La sinfonia sulla sofferenza degli Innocenti: intervista con il Rabbino Rav David
Rosen
E’ ancora vasta l’eco in Terra Santa delle celebrazioni sinfonico-catechetiche sulla
sofferenza degli Innocenti realizzate da Kiko Arguello, uno degli iniziatori del Cammino
neocatecumenale. Una delle due esecuzioni musicali si è tenuta a Gerusalemme, con
gli ebrei. A partecipare all’incontro anche Rav David Rosen, ex-Gran Rabbino
d’Irlanda e Consigliere del Gran Rabbinato d’Israele per gli Affari Interreligiosi
e le relazioni con la Santa Sede. Debora Donnini gli ha chiesto se questi incontri
siano importanti nel dialogo ebraico - cristiano e nel sottolineare ciò che unisce
R. – First
of all encounters I think… Innanzitutto, penso che tutti gli incontri tra
persone di buona volontà siano importanti e quando sono incontri tra persone di fede
sono ancora più importanti. Quando non utilizziamo solamente l’aspetto cognitivo,
ma anche l’aspetto musicale, questi eventi acquisiscono un’importanza ancora più grande.
E l’importanza specifica di questo evento è che questo concerto è stato un esempio
di solidarietà fantastica: ha espresso una profonda comprensione della sofferenza
storica del popolo ebraico. Da questo punto di vista ci aiuta a oltrepassare le ferite
del passato. Ma ha fatto qualcosa di ancora più delicato: ha introdotto ascoltatori
ebrei a categorie cristiane di pensiero e di fede. Finché questo si fa in uno spirito
di rispetto reciproco, proprio come è stato fatto, diventa un aspetto importante dal
punto di vista educativo. Questa iniziativa ci permette di rispettare ciò che ci unisce
e anche di apprezzare quello che ci rende individui.
D. – La sofferenza
degli innocenti unisce in fondo tutti gli uomini. Nel discorso prima della Sinfonia,
Kiko Arguello si è riferito anche alla sofferenza degli ebrei per l’Olocausto…
R.
– The uniqueness of this concert was… L’aspetto unico di questo concerto
è stata una comprensione profonda e anche una solidarietà con la sofferenza del popolo
ebraico.

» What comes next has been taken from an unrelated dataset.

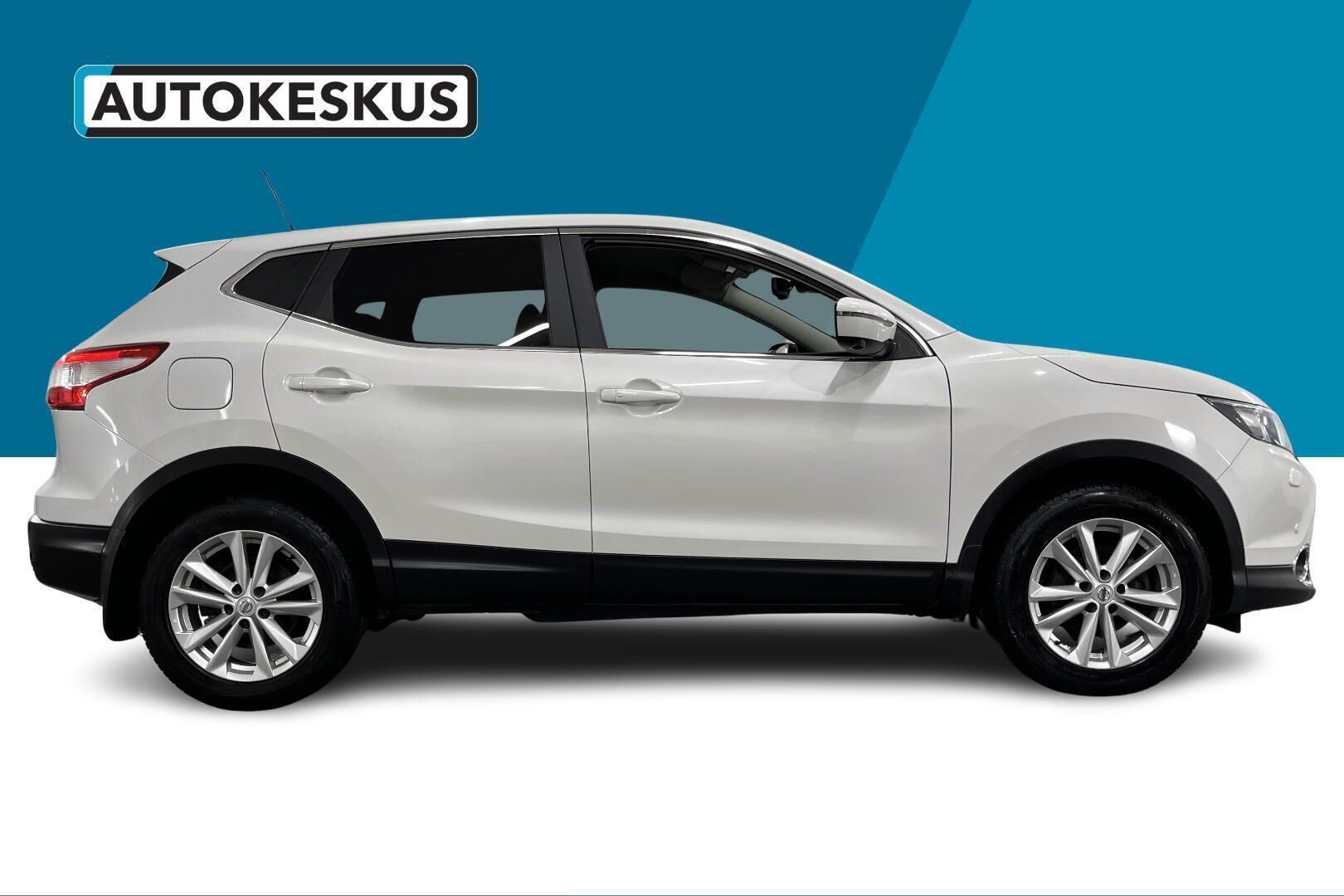Nissan Qashqai iso kuva 4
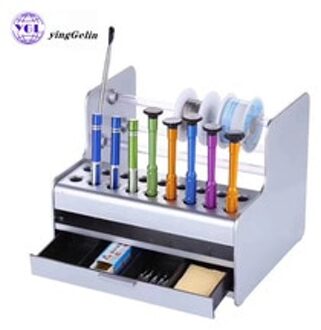 Multifunctionele Mobiele Telefoon Reparatie Opbergdoos Voor Schroevendraaier Pincet Tool Parts Box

Per gli ebrei la sofferenza raggiunge il suo zenit e, al contempo, la profondità
dell’abisso nella Shoah.
D. – Oggi il cristianesimo sta sempre più
riscoprendo le sue radici ebraiche e il suo rapporto con i fratelli maggiori. Pensa
che in questo senso siano stati importanti i pellegrinaggi dei Pontefici in Terra
Santa?
R. – Pope John Paul II pilgrimage … Il pellegrinaggio
di Papa Giovanni Paolo II non è stato solamente un evento storico, ma ha avuto anche
un impatto molto grande con la società israeliana e per quanto riguarda la Terra Santa
in generale. L’impressione del cristianesimo per la maggior parte degli ebrei è ancora
tratta da un passato alquanto tragico. L’impatto che ha portato il capo della Chiesa,
che ha instaurato un rapporto dimostrando il suo amore e rispetto per il popolo ebraico
è stato di grande importanza, perché oggigiorno le persone non leggono molto, ma vedono
molte immagini. Questo si è dato nella sua visita nella Sinagoga di Roma nel 1986.

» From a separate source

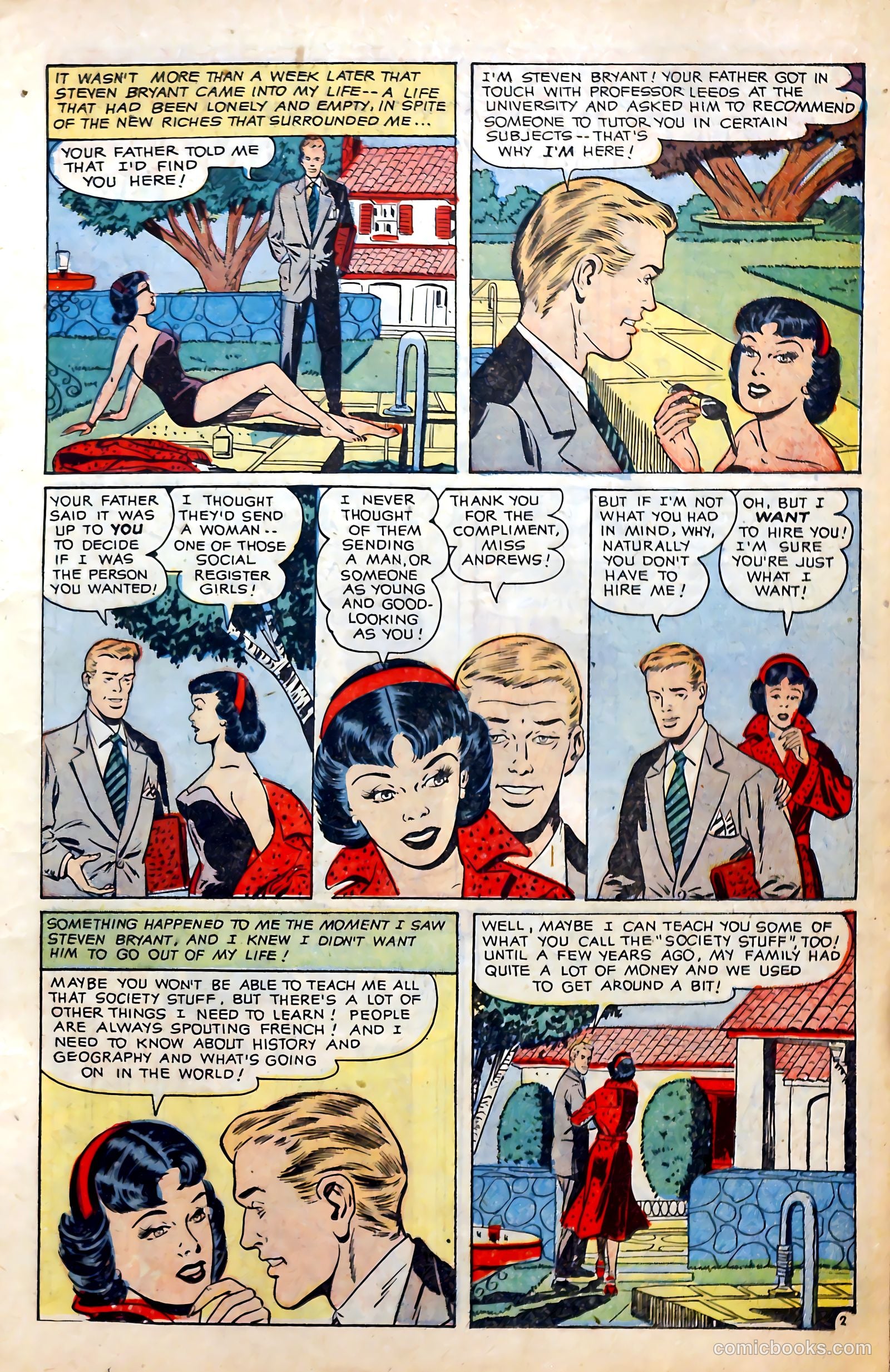 Love at First Sight #16 — page 11 of 36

Quando le immagini sono andate in tutto il mondo, tutti hanno capito che c’era una
relazione nuova. Il fatto che Papa Benedetto XVI abbia confermato queste iniziative,
dà ad esse uno status quasi istituzionale, dentro il tessuto stesso della Chiesa.
In modo più specifico mi riferisco a due iniziative importanti: la visita alla Sinagoga
di Roma e il pellegrinaggio, la visita, allo Stato d’Israele, in Terra Santa.
D.
– Oggi, come possono concretamente collaborare ebrei e cristiani, per essere una benedizione
per il mondo intero?
R. – First of all I would say that dialogue… Innanzitutto
direi che il dialogo e il comprendersi reciprocamente sono azioni concrete. Più ci
capiamo gli uni e gli altri, meno c’è il rischio di rappresentarsi male. Il comprendersi
reciprocamente non è abbastanza: è fantastico, è bello se si possono prendere delle
iniziative comuni per quanto riguarda progetti specifici. Ci sono esempi concreti,
in cui organizzazioni caritatevoli sia cristiane che ebraiche lavorano assieme. Questo
sta succedendo in posti come l’Africa o l’America Latina. Una delle iniziative che
sono nate come risultato della visita di Giovanni Paolo II qui in Terra Santa è stato
lo stabilire una commissione bilaterale tra il Gran Rabbinato e la Chiesa cattolica.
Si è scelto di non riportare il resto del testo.